Digital financial assets enhance businesses’ ability to secure financing across various sectors. By utilizing different forms of digital financial assets, improving their turnover periods, and ensuring reliable, well-founded returns, these assets have become a popular choice for investment during periods of stabilization and declining interest rates. Today, the growing interest in DFAs is already evident as the key rate reaches a plateau.

Currently, digital financial assets are primarily a local market tool. However, new legislative measures and international agreements among regulators of digital financial assets are expected to enable their use in global transactions. Despite this, regulatory mechanisms impose several restrictions on the participation of foreign entities. One such restriction is the mandatory use of Russian information and payment systems by all participants, which may not always be suitable for foreign parties. It is also important to consider that in the global market, the potential opportunities and risks for digital financial assets will be significantly influenced by a wide range of factors, including economic, political, legislative, technological, and social risks.

Danila Ladnyuk, financier, founder of D1 Capital family office 

– In my view, digital financial assets are not merely a passing trend but a practical and effective tool. They are already being used to issue digital bonds, raise financing, and facilitate settlements within companies. If current trends persist, we can expect the market for digital financial assets to continue growing at double-digit rates annually. However, this growth will hinge on the further development of legislation, the trust businesses and investors place in the tool, and its integration with traditional financial systems.
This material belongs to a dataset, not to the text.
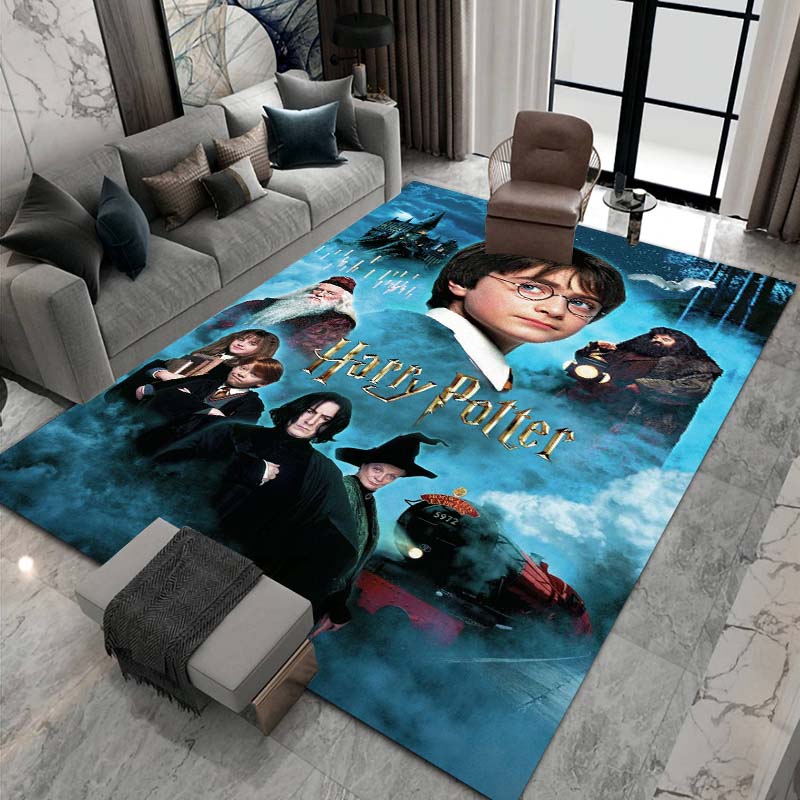 3D Printed Harry Potter Classic Fantasy Adventure Movie Theme Rug, Bedroom Living Room Play Mat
Currently, DFAs are primarily utilized in Russia as a B2B solution, with major companies using them to raise capital and manage financial flows. As regards B2C sector, there are no accessible products that could appeal to the mass retail investor. Yet, in the long term, DFAs may become an alternative to traditional investment tools.

That said, DFAs largely serve as an instrument for domestic operations within the issuing country. Due to sanctions and regulatory constraints, Russian DFAs have limited access to global markets. On the international stage, digital assets are evolving towards cross-border payment solutions and digital bonds. DFAs may eventually become a globally recognized financial instrument if they are recognized internationally and are subject to standardized regulations.

Ilya Pereleshin, Investment Director, Atomic Capital

– For DFAs to achieve international recognition, a generally reliable international digital asset operator is required. Alternatively, a blockchain network could be created for decentralized transaction processing, ensuring no single entity controls over half of validator capacity. However, neither of these possibilities is expected in the near future. Traditional assets involve national or supranational depositories that have established a reputation for securing transaction accuracy and integrity. However, time has exposed their vulnerabilities, as shown by the Euroclear case. In the realm of DFAs, no single national operator exists; instead, there are multiple licensed companies authorized to issue and conduct operations. As a result, the foreign investor is exposed to both the issuer’s and the operator’s risks. While DFAs may appear to be accessible, they essentially cannot be used for active transactions that involve non-resident investors.